The Senate Monday pressed ahead with a Democrat-driven rewrite of American energy policy that would strip nearly US$15 billion in tax breaks from large companies and put the money toward making energy from clean, renewable sources like wind, solar and soybeans. With US pump prices above US$3 a gallon and crude oil near US$70 a barrel, US lawmakers are keen to show that they are acting to take pressure off consumers and get tough on Big Oil.
The Senate bill would take tax incentives away from oil companies over a decade and dole them out as incentives to turn corn, soybeans and "cellulosic" sources like switchgrass and woodchips into gasoline. It would also sharply raise US vehicle mileage standards for the first time in 30 years and require US utilities to get 15 percent of their electricity from renewable sources like wind and solar by 2020. Both provisions have elicited howls of protest from industry and Republican lawmakers are likely to try to weaken or strip them out in debate this week. Harry Reid, the Senate's majority leader, on Monday said the measures are "two of the most crucial parts of this legislation," and called for the chamber to pass the bill by Thursday so it can move to a debate on immigration policy.

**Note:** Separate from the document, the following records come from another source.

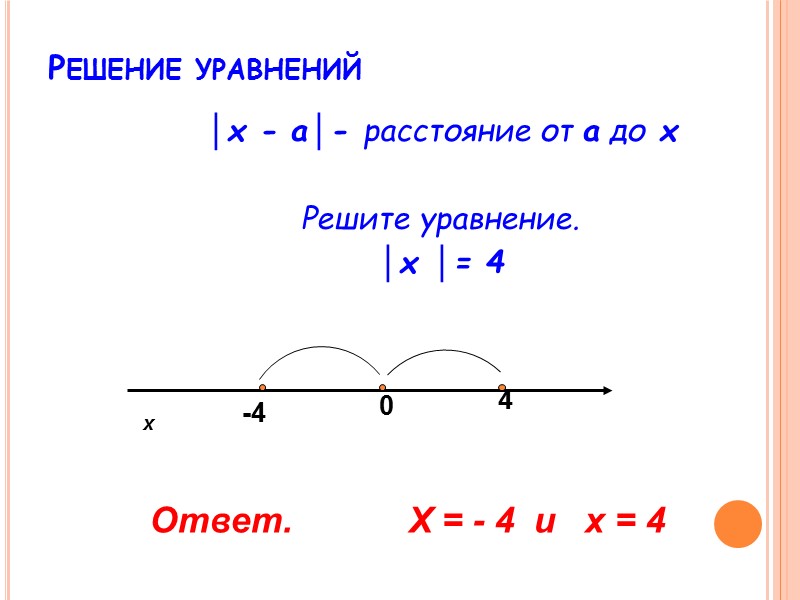 Модуль в математике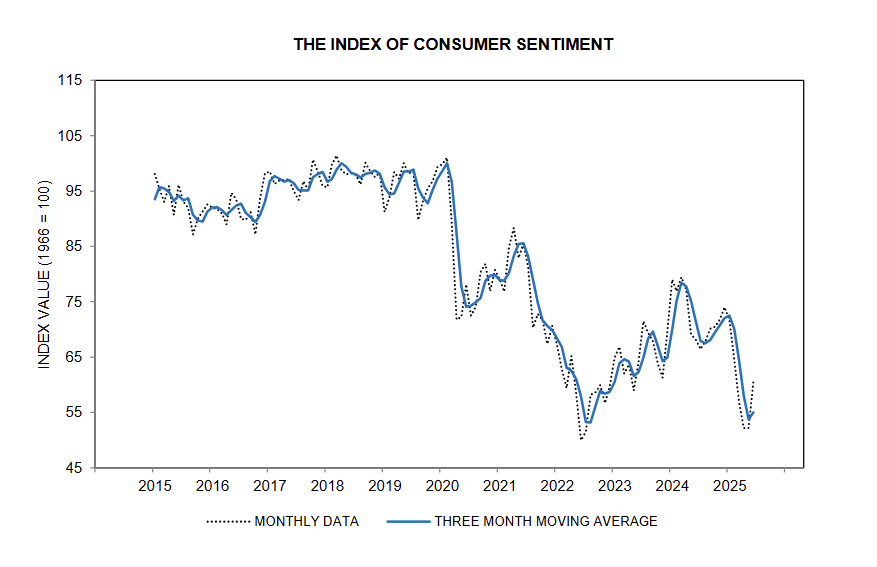 umich-index-of-consumer-sentiment-june-2025-(preliminary)-1.png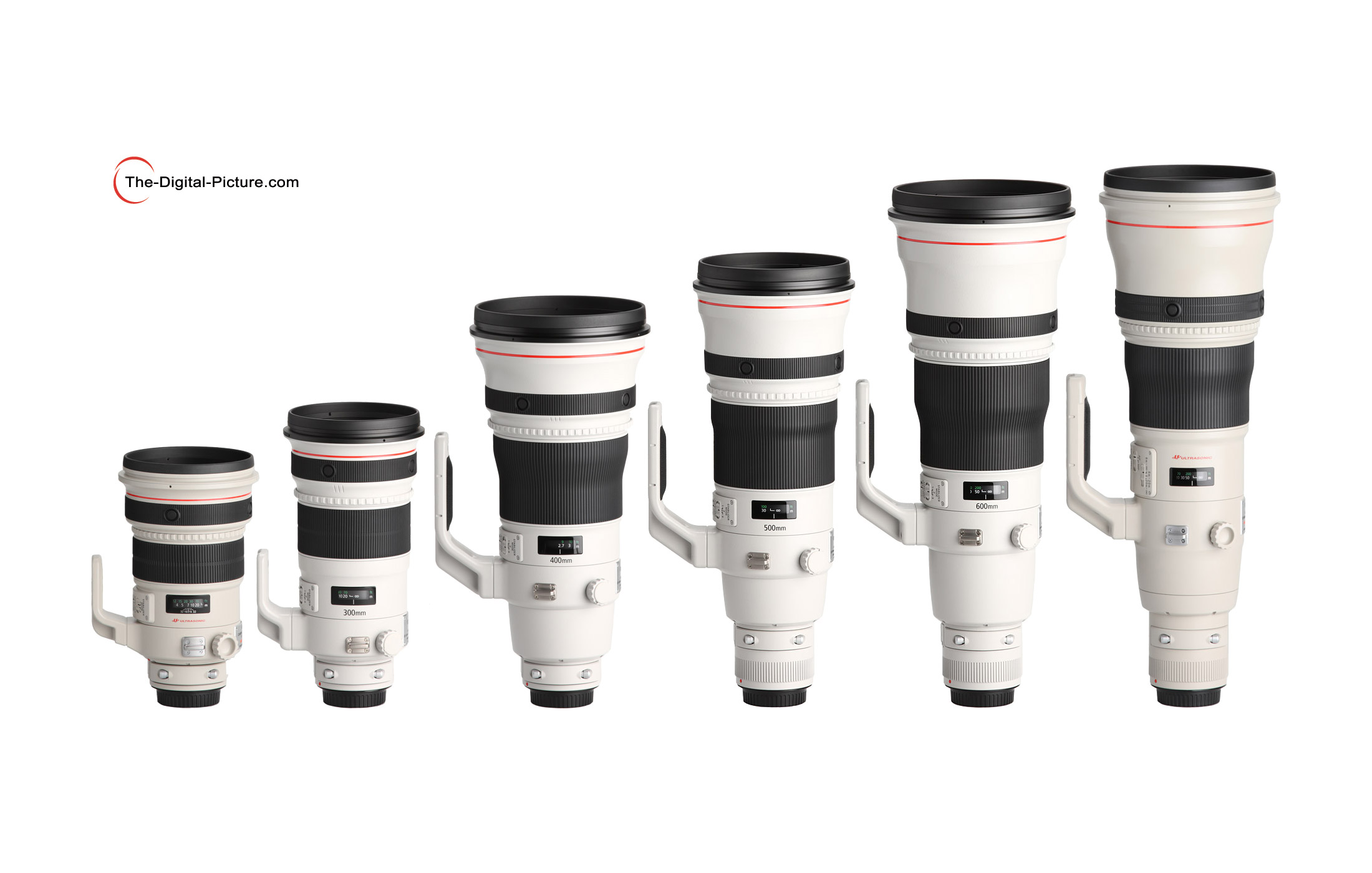 perche alcuni obbiettivi Canon sono bianchi 2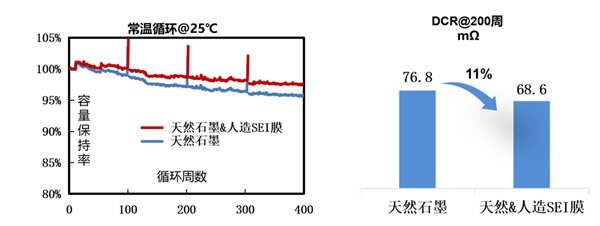 全球首个集成人造SEI膜负极制造项目投产，碳一新能源开启负极材料新未来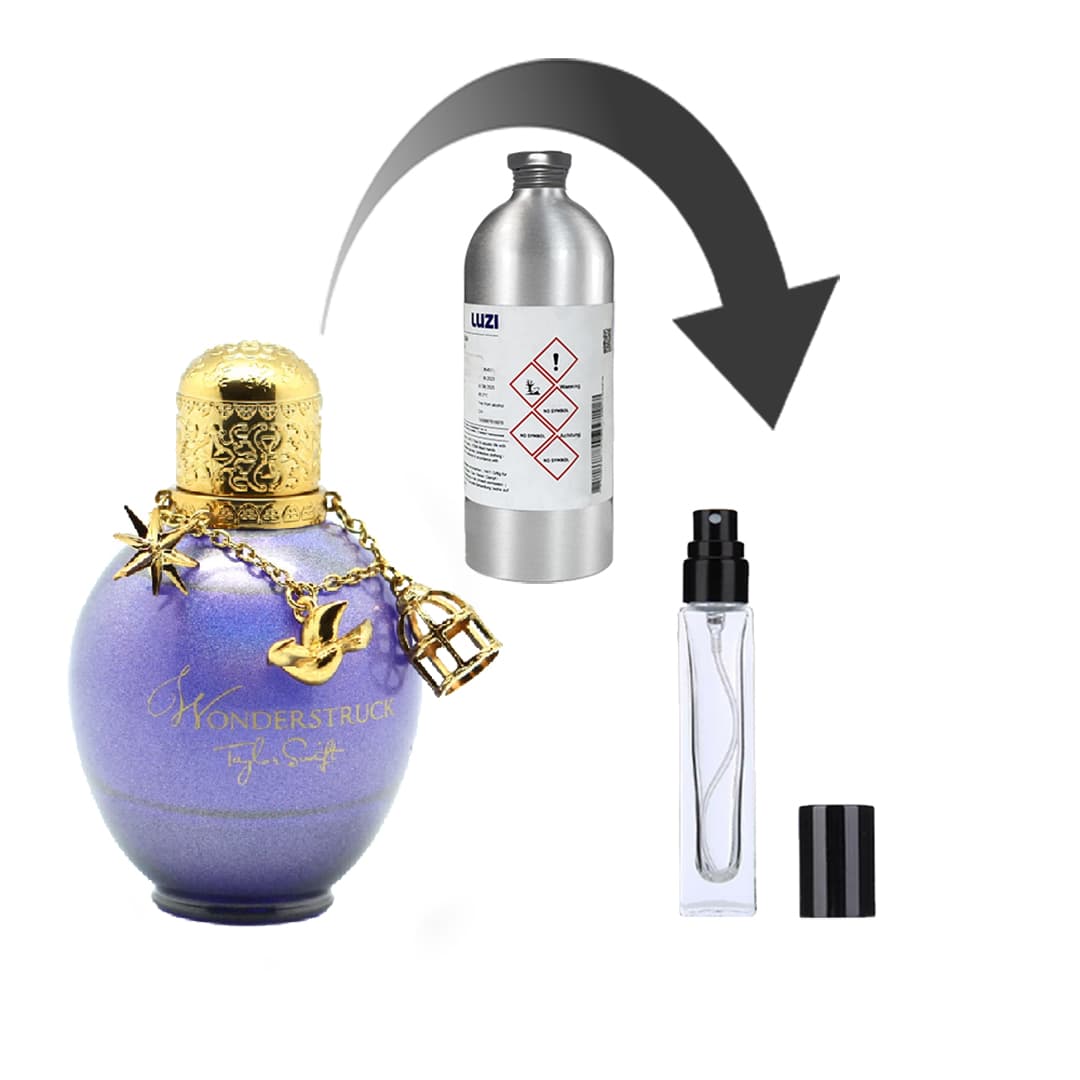 دکانت عطر تیلور سویفت واندر استراک – برند لوزی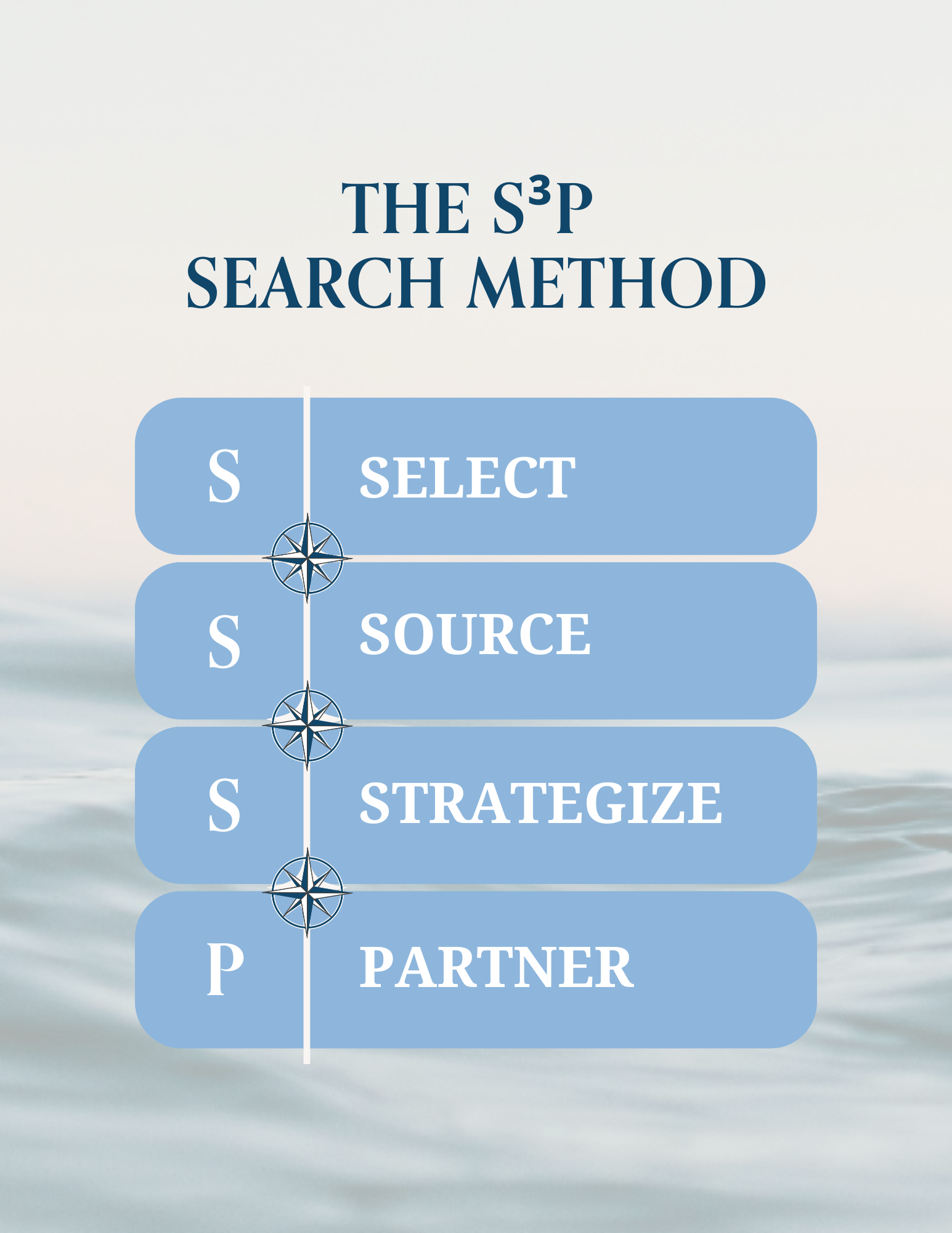Our S³P Search Methodology: Select, Source, Strategize, Partner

To help reduce America's reliance on foreign oil, the bill would increase the amount of ethanol and other renewable fuels used in motor vehicles to 8.5 billion gallons in 2008, then steadily boost it annually to 36 billion gallons by 2022. Lawmakers from coal states like Kentucky are fighting for equal treatment for liquid fuel derived from coal. Many Democrats have objected to coal incentives, warning that increased use will increase US emissions of heat-trapping greenhouse gases. But Sen. Jon Tester, Montana Democrat, is pushing an amendment that would give US$10 billion in federal loan guarantees to build "coal-to-liquid" facilities and sock away carbon dioxide emissions in underground reservoirs.
The centerpiece of the energy bill is a package of tax incentives that the Senate Finance Committee is expected to approve on Tuesday, setting the stage for full Senate debate this week. The package extends for two years - until the end of 2010 - tax credits to produce electricity from windmills as well as geothermal facilities that use steam from deep inside the earth to produce power. That alone is estimated to cost the US Treasury US$5.6 billion over 10 years, according to the Joint Committee on Taxation, and renewable energy developers say it is essential to assure that new projects get built.
Other big ticket items in the package are tax credits for utilities to build new "clean coal" plants, valued at US$1.3 billion over a decade, and incentives for homeowners to make energy efficiency overhauls valued at US$1.1 billion. In order to keep the energy bill "revenue neutral," Senate tax writers have proposed stripping an equal amount of tax incentives from big oil companies like Exxon Mobil Corp. , ConocoPhillips and Chevron Corp. The tax portion of the bill as written would repeal reduced tax rates for companies defined as major integrated oil companies, which could raise US$9.4 billion in extra revenue over a decade. It would also drop foreign income tax deductions for companies that produce oil and natural gas overseas - worth US$3.2 billion over 10 years.